Create a handle, use it to read a file, and insert it into the DataStore

write(key, **kwargs)[source]

Write the data associated to a particular key

write_all(force=False, **kwargs)[source]

Write all the data in this DataStore

class rail.core.data.FitsHandle(tag, data=None, path=None, creator=None)[source]

Bases: TableHandle

DataHandle for a table written to fits

suffix = 'fits'
class rail.core.data.FlowDict[source]

Bases: dict

A specialized dict to keep track of individual flow objects: this is just a dict these additional features

  1. Keys are paths

  2. Values are flow objects, this is checked at runtime.

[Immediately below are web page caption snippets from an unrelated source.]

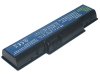 4400mAh Bateria Acer Aspire 4710GZ 4736-2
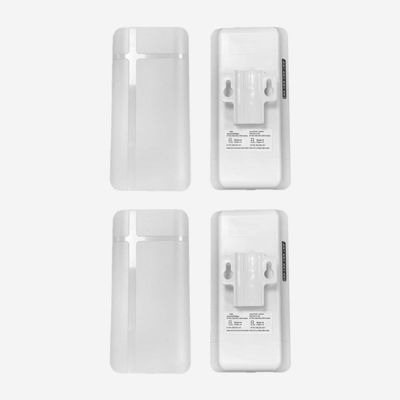 1 10/100Mbps RJ45 Wireless Ethernet Bridge Support Wired Wireless Connection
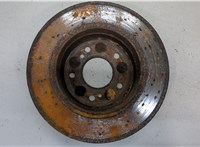  Диск тормозной Mercedes C W203 2000-2007 20377949 #3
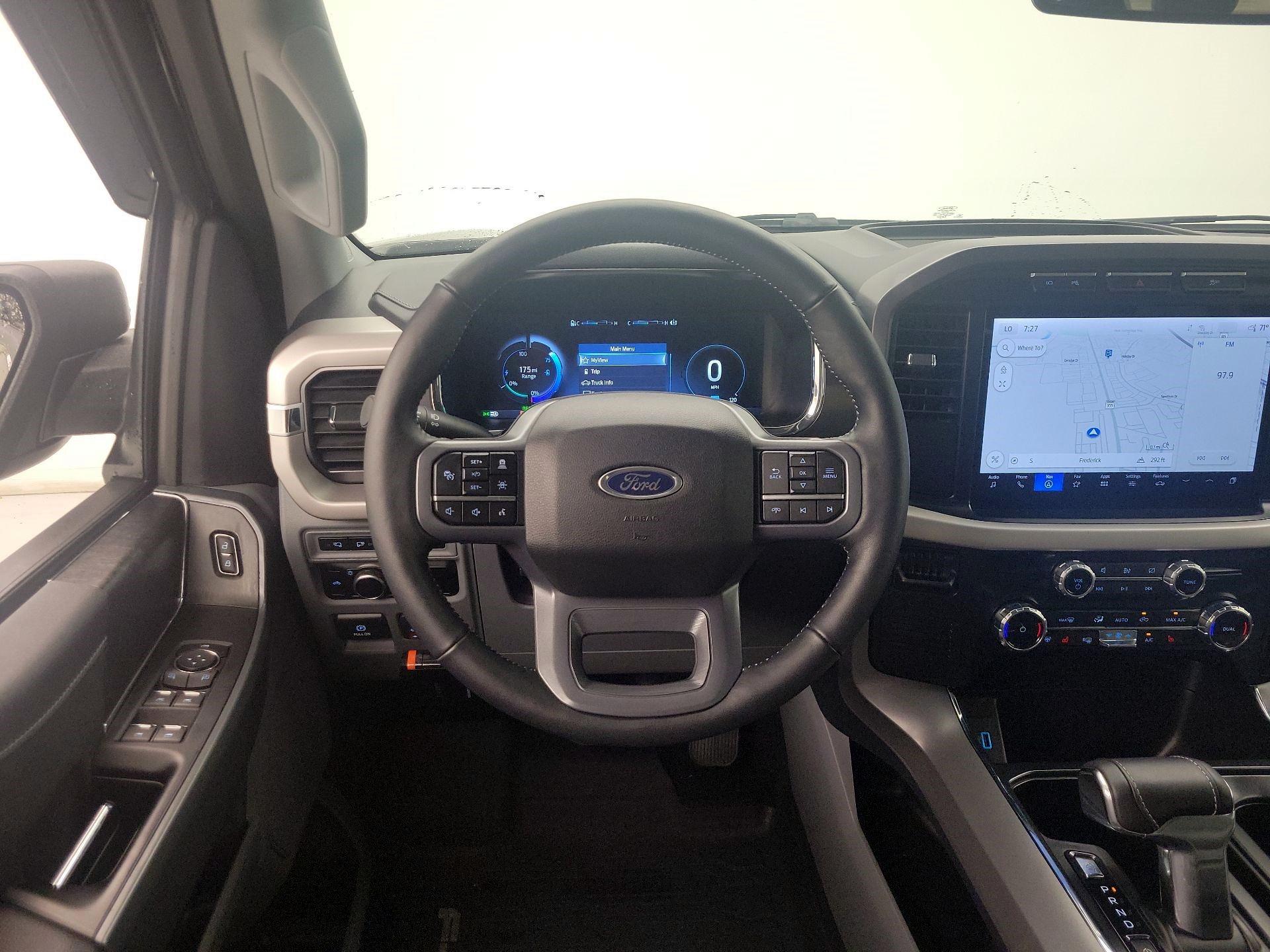 Thumbnail: 2023 Ford F-150 - 10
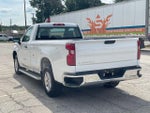 2025 Silverado 1500 Thumbnail 3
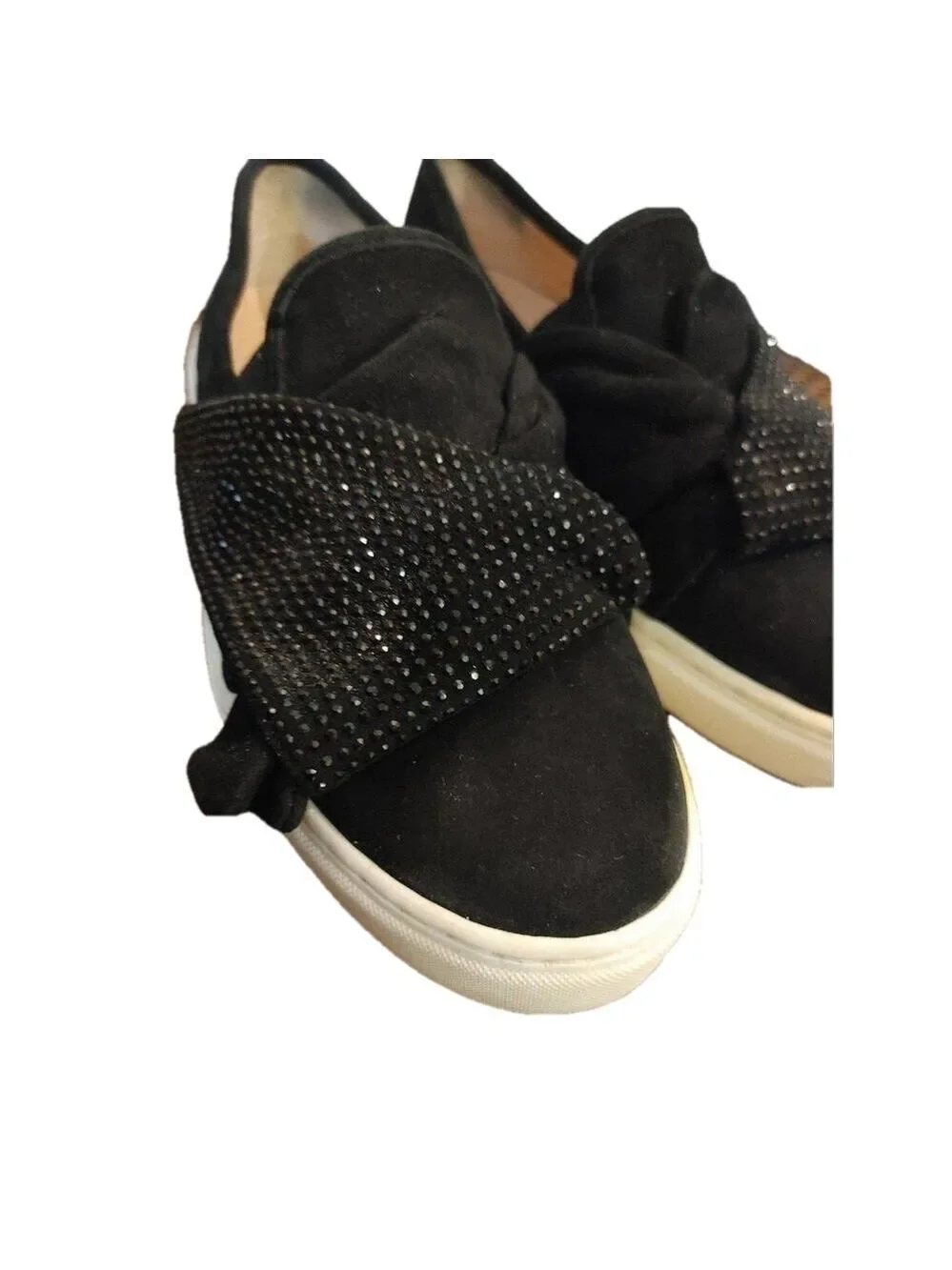 Vince Camuto Barita Slip Ons Size 6.5M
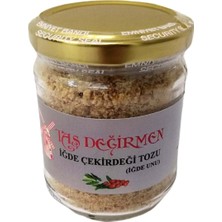 Taş Değirmen İğde Çekirdeği Tozu (İğde Unu) 80 gr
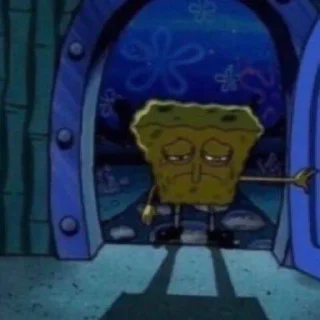 Стикер чурли бурли - 9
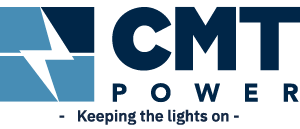 CMT Power - Keeping the lights on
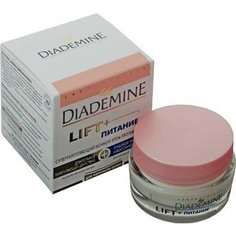 DIADEMINE LIFT+ Крем Ночной Питание 50мл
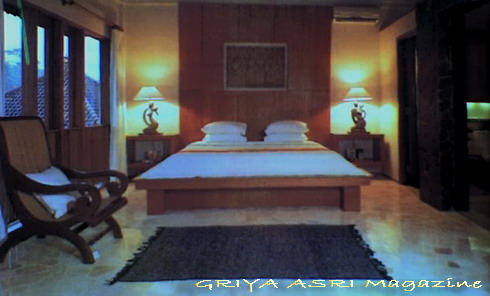 Warm Master Bed Room Warm Master Bed Room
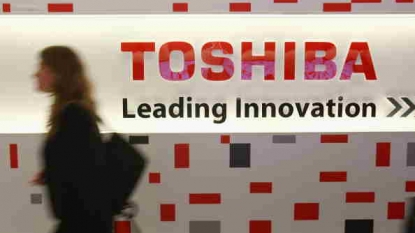 Toshiba in talks to sell image sensor business to Sony: Nikkei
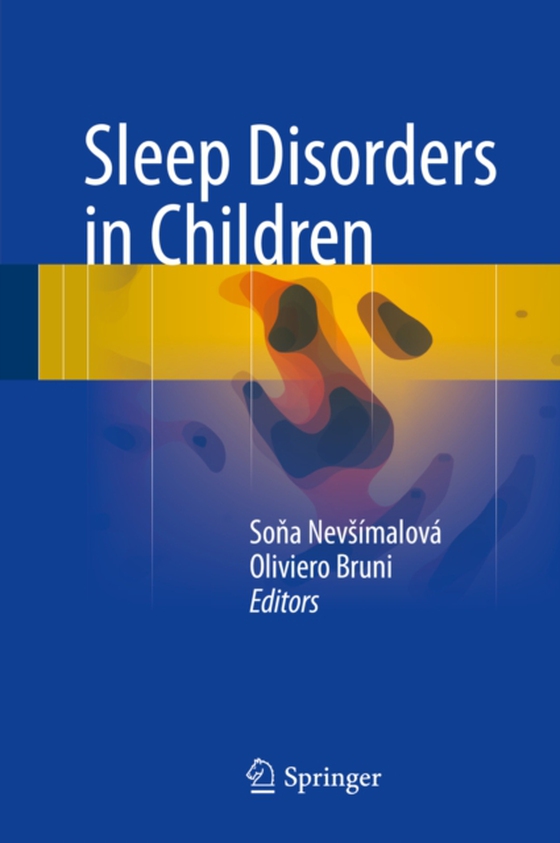 Sleep Disorders in Children (e-bog) af -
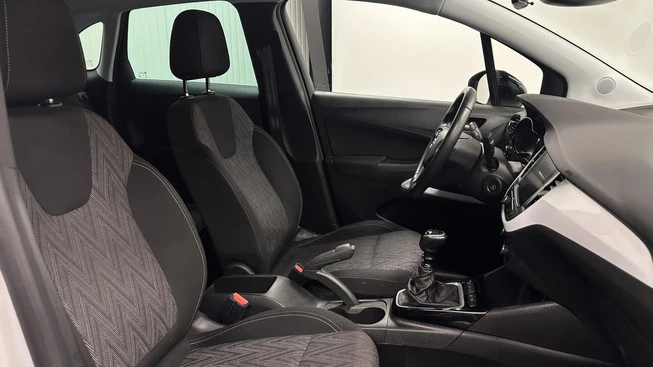 Opel Crossland X - Afbeelding 4 van 30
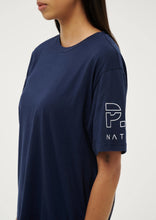 P.E Nation 'Moneyball Tee' - Dark Navy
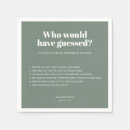 Search for sage green napkins Chic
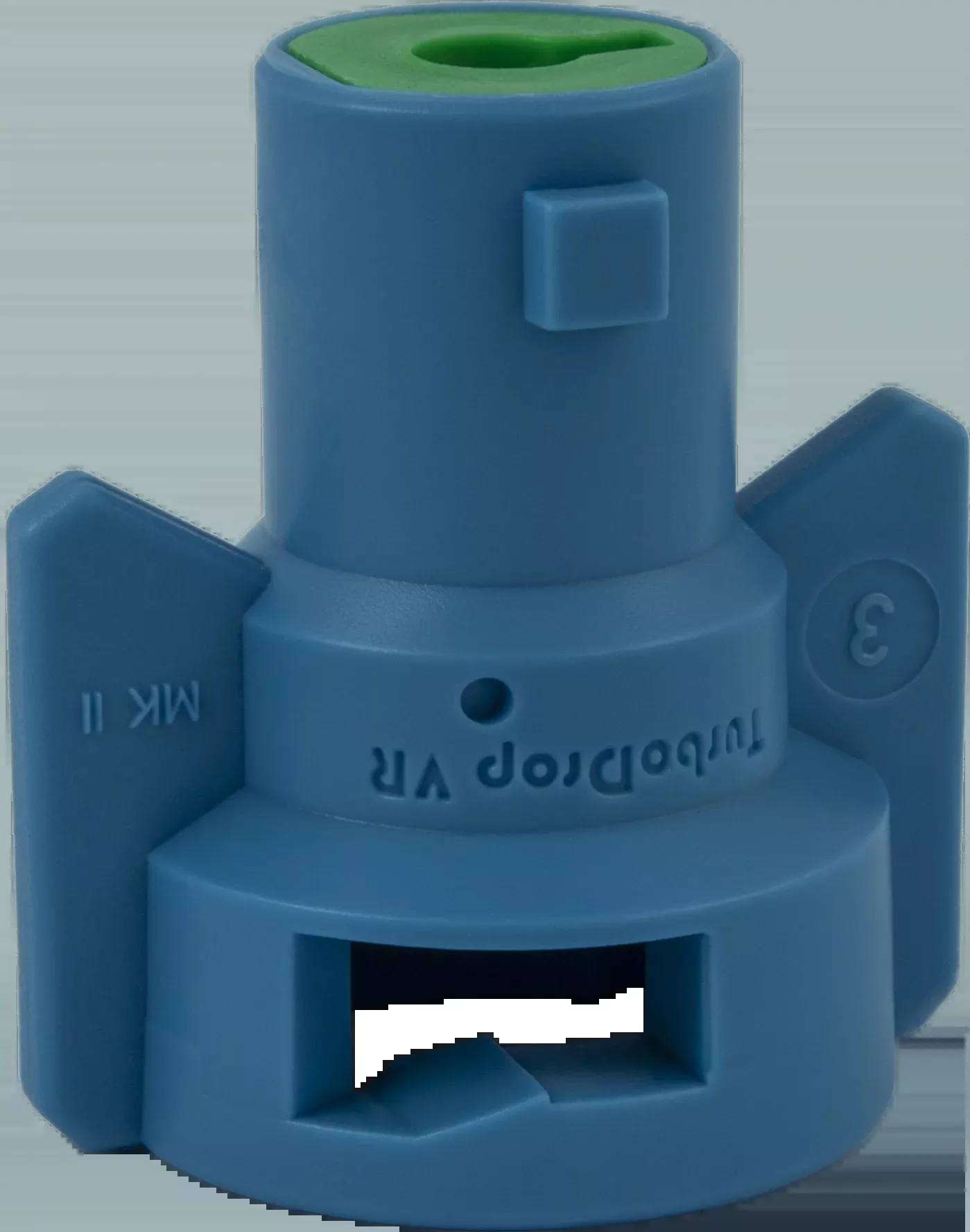TDVRC03 TurboDrop Variable Rate Venturi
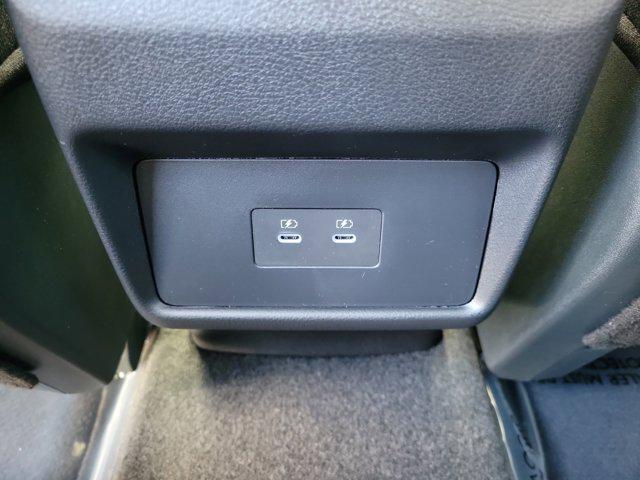 new 2025 Nissan Rogue car, priced at $28,307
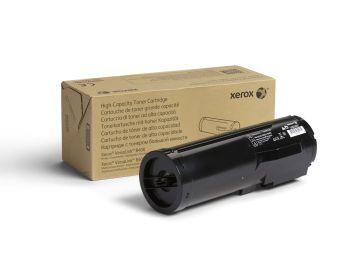 Xerox 106R03582 High Capacity Toner Cartridge (13,900 Pages*)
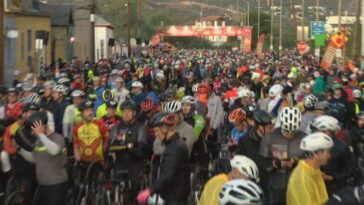 découvrez notre hommage émouvant à la légende du cyclisme de tucson, célébrant sa carrière remarquable et son impact durable sur le sport.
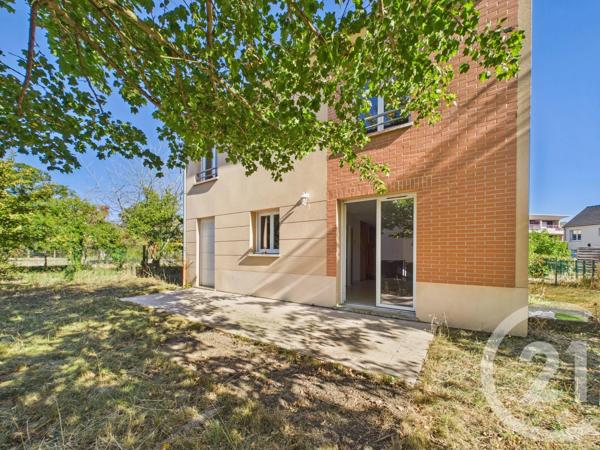 Maison à vendre  5 pièces - 105 m 2   CHARTRES  - 28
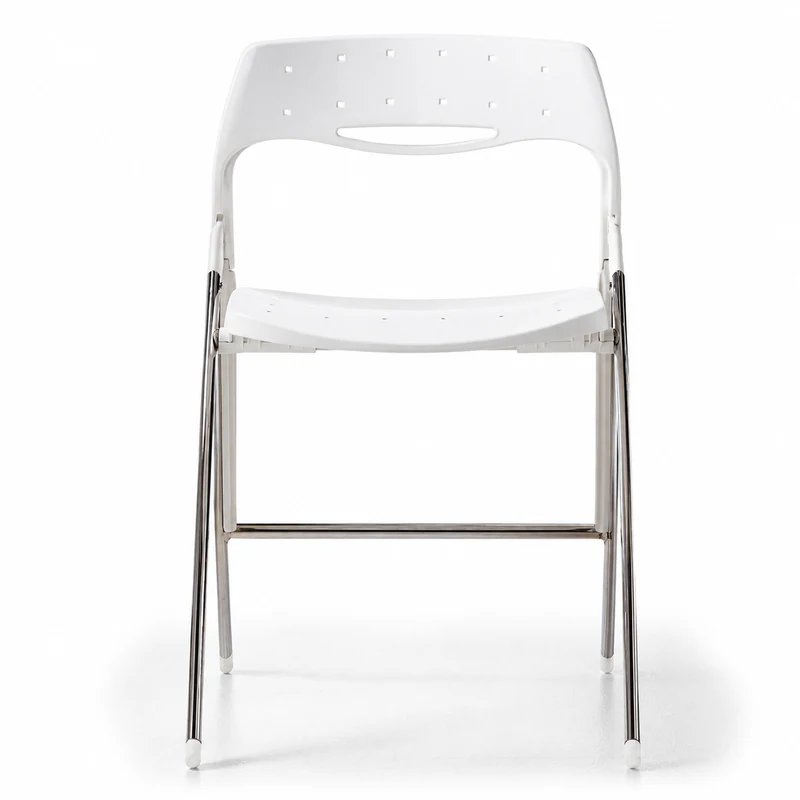 Seduta visitatore Clya Meeting - Selin – Bianco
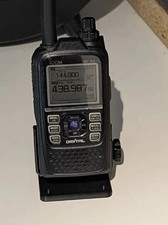 New Icom ID-51 / ID-52 Desk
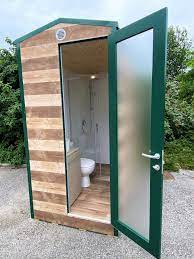 Servizi igenici prefabbricati monoblocco, grande varietà di servizi igienici completi di tutti gli accessori interni lavabi, docce, turche, w.c. Cadore Lodge Mybath Mybath Cadore Lodge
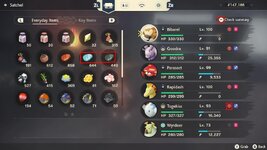 [PokeCommunity.com] Pokemon Spot the Difference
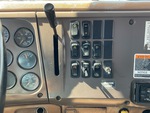 Cab with Engine Brake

  3. There is a read(path, force=False) method that reads a flow object and inserts it into the dictionary

  4. There is a single static instance of this class

read(path, force=False)[source]

Read a Flow object from disk and add it to this dictionary

class rail.core.data.FlowHandle(tag, data=None, path=None, creator=None)[source]

Bases: ModelHandle

A wrapper around a file that describes a PZFlow object

flow_factory = {}
suffix = 'pkl'
class rail.core.data.Hdf5Handle(tag, data=None, path=None, creator=None)[source]

Bases: TableHandle

DataHandle for a table written to HDF5

suffix = 'hdf5'
class rail.core.data.ModelDict[source]

Bases: dict

A specialized dict to keep track of individual estimation models objects: this is just a dict these additional features

  1. Keys are paths

  2. There is a read(path, force=False) method that reads a model object and inserts it into the dictionary

  3. There is a single static instance of this class

open(path, mode, **kwargs)[source]

Open the file and return the file handle

read(path, force=False, reader=None, **kwargs)[source]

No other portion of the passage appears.